The lines needed run from the one that contains "We can cancel" through the end of the material below, both included; write them out exactly, with no pictures.

Data to use:
● ● ●
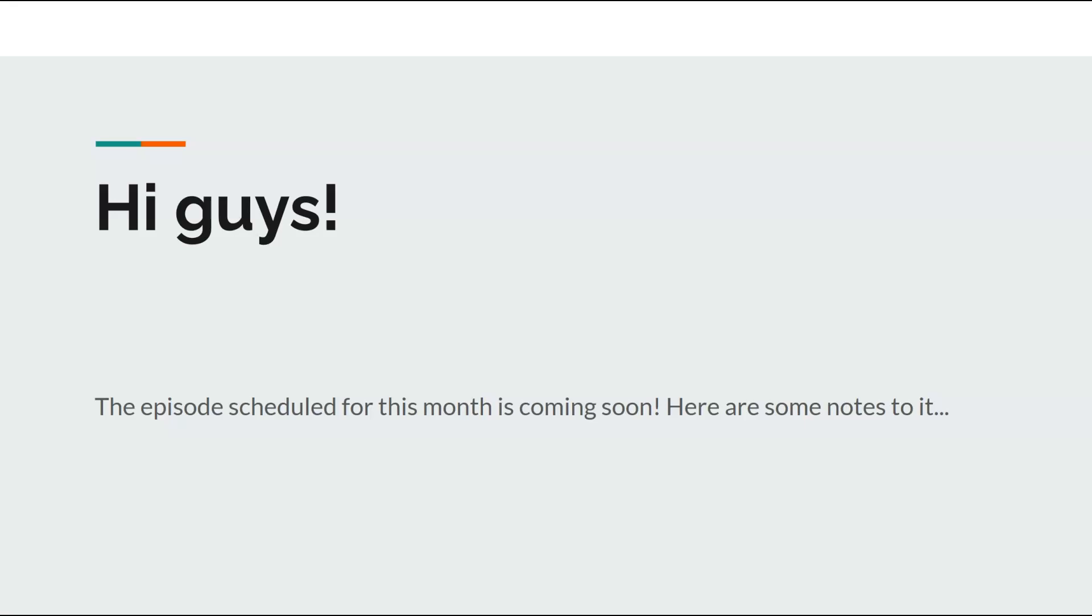Hi guys! The episode scheduled for this month is coming soon, but first, here are some notes to it.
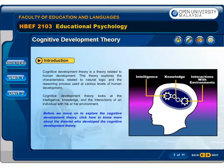Cognitive Development Theory is a theory related to human development. This theory explores the characteristics related to natural logic and the reasoning process used at various levels of human development. Cognitive Development Theory looks at the intelligence, knowledge, and the interactions of an individual with his or her environment.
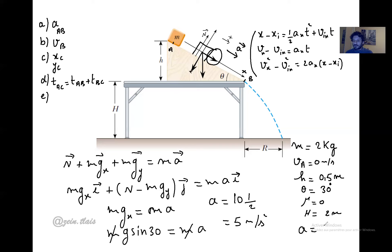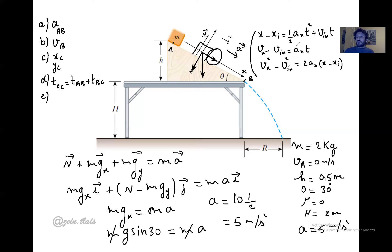We can cancel m from both sides and get: a equals g·sin30 equals 10 times 0.5, which gives a equals 5 m/s². This is the value of acceleration. Now, once we have a, we can use it in the kinematics equations to find time, velocity at point B, and distance.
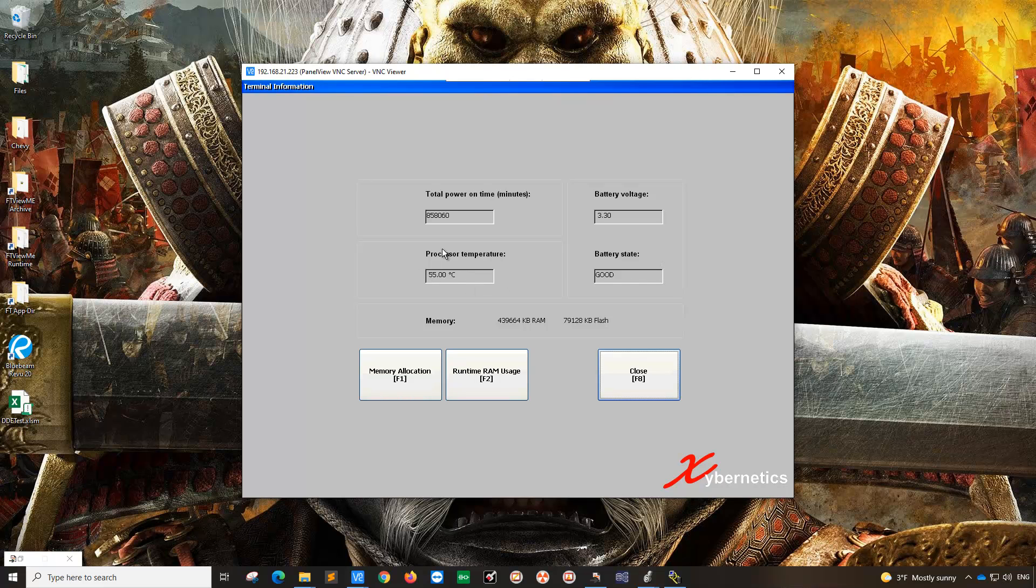This is the processor temperature, 55 degrees Celsius. And this is the total RAM that I have right now. It's about 439 megabytes and the flash size.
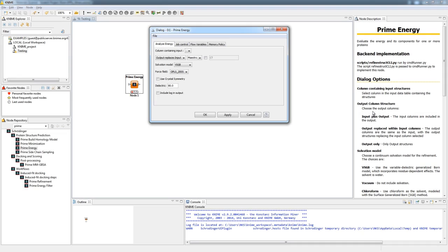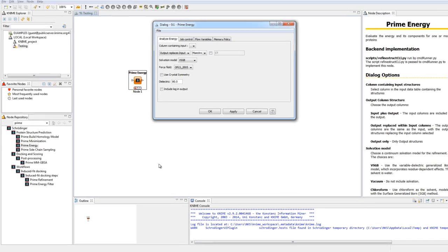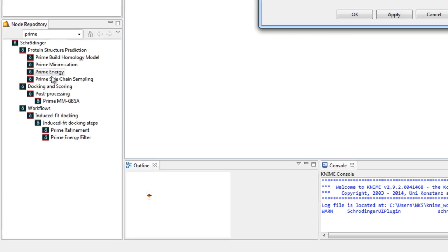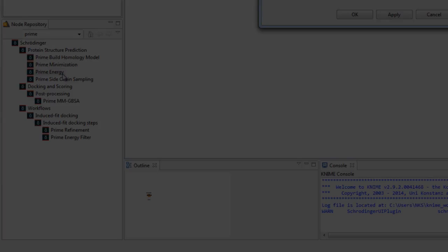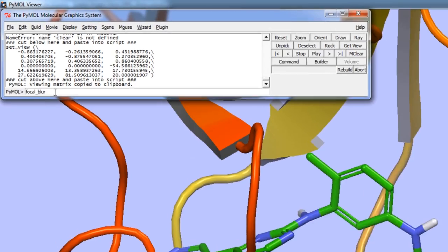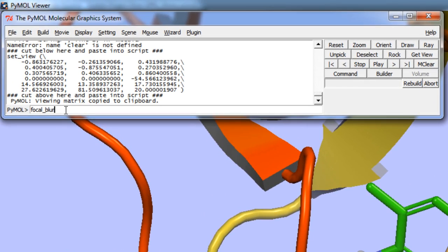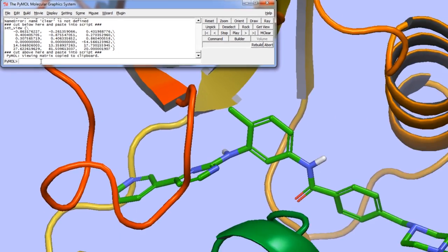Additional new features have been made in KNIME, including new nodes such as the Prime Energy node, and also new features in PyMOL, such as the new focal blur command.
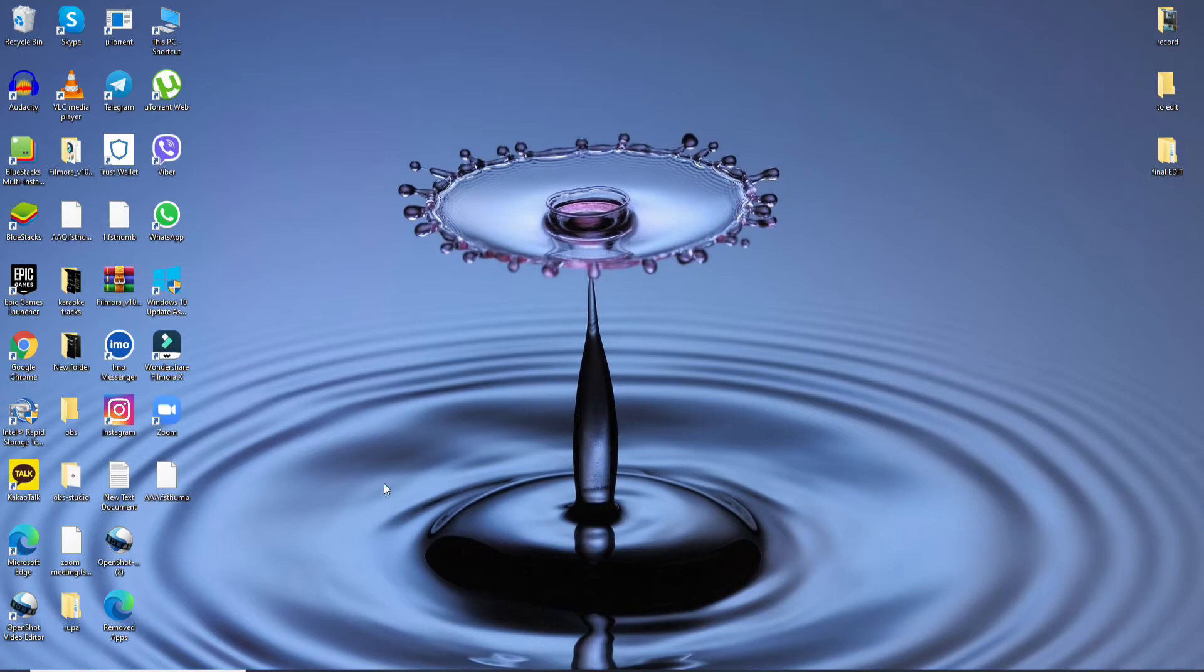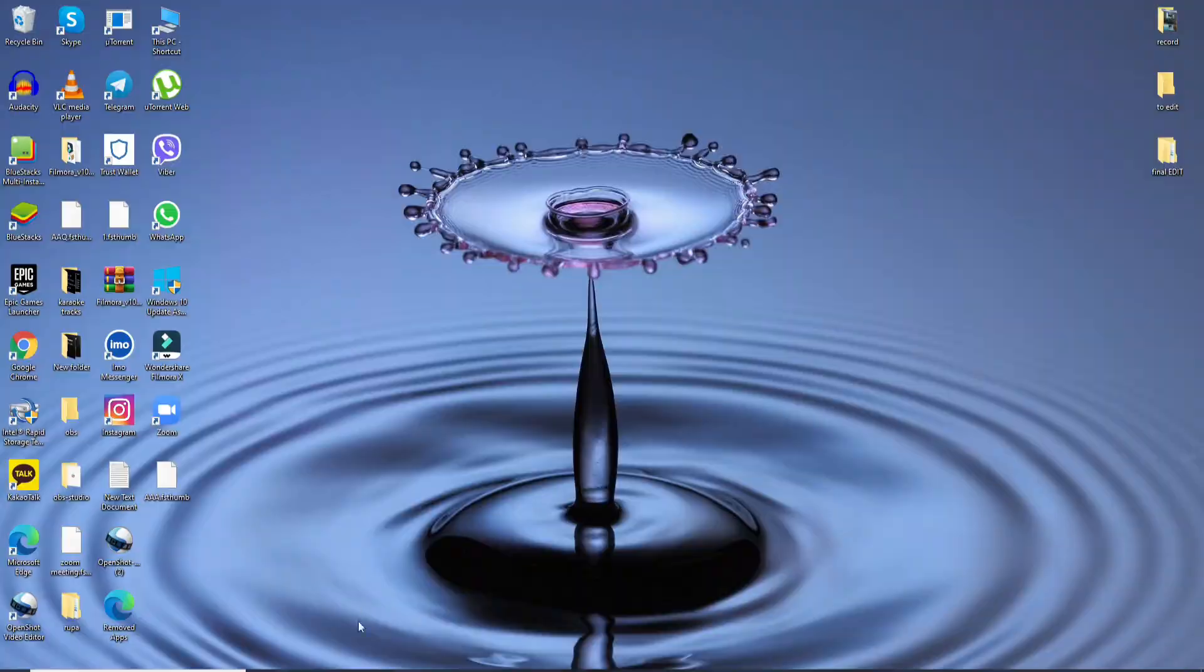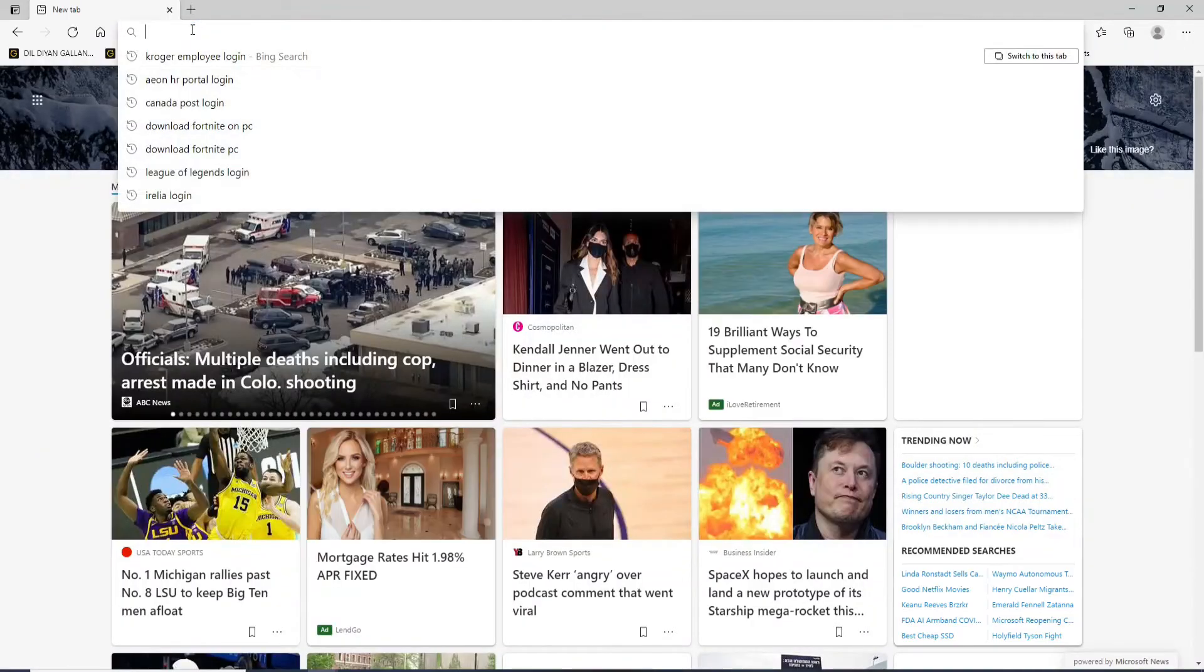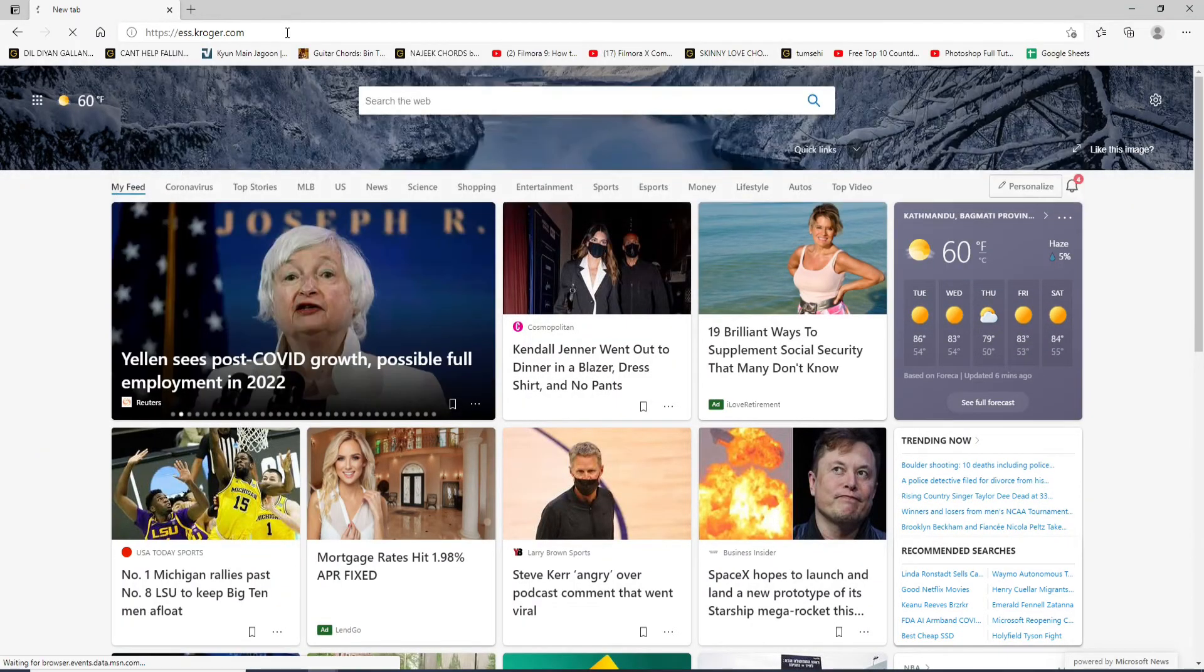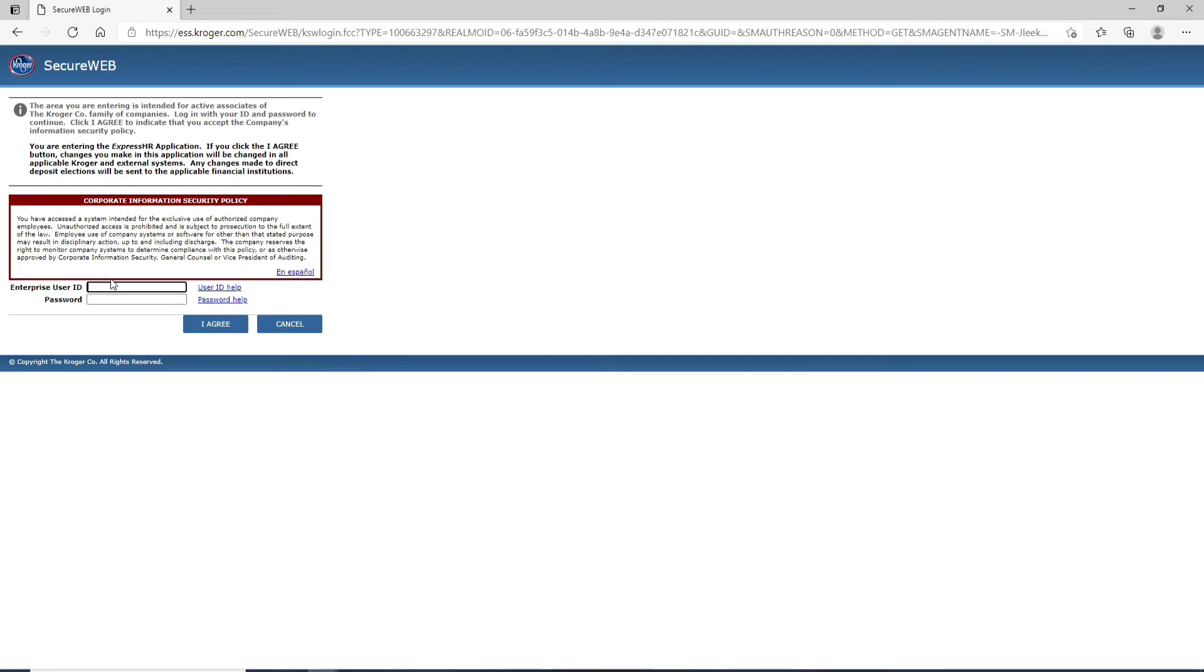Start by opening a web browser in order to log in to Kroger Employee Account. In the URL box, type in ess.kroger.com and press enter on your keyboard. Enter your user ID in the first text field that you see. In the next text field, type in your password for your account.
● ● ●
Solved problem:
We can cancel m from both sides and get: a equals g·sin30 equals 10 times 0.5, which gives a equals 5 m/s². This is the value of acceleration. Now, once we have a, we can use it in the kinematics equations to find time, velocity at point B, and distance.
This is the processor temperature, 55 degrees Celsius. And this is the total RAM that I have right now. It's about 439 megabytes and the flash size.
Additional new features have been made in KNIME, including new nodes such as the Prime Energy node, and also new features in PyMOL, such as the new focal blur command.
Start by opening a web browser in order to log in to Kroger Employee Account. In the URL box, type in ess.kroger.com and press enter on your keyboard. Enter your user ID in the first text field that you see. In the next text field, type in your password for your account.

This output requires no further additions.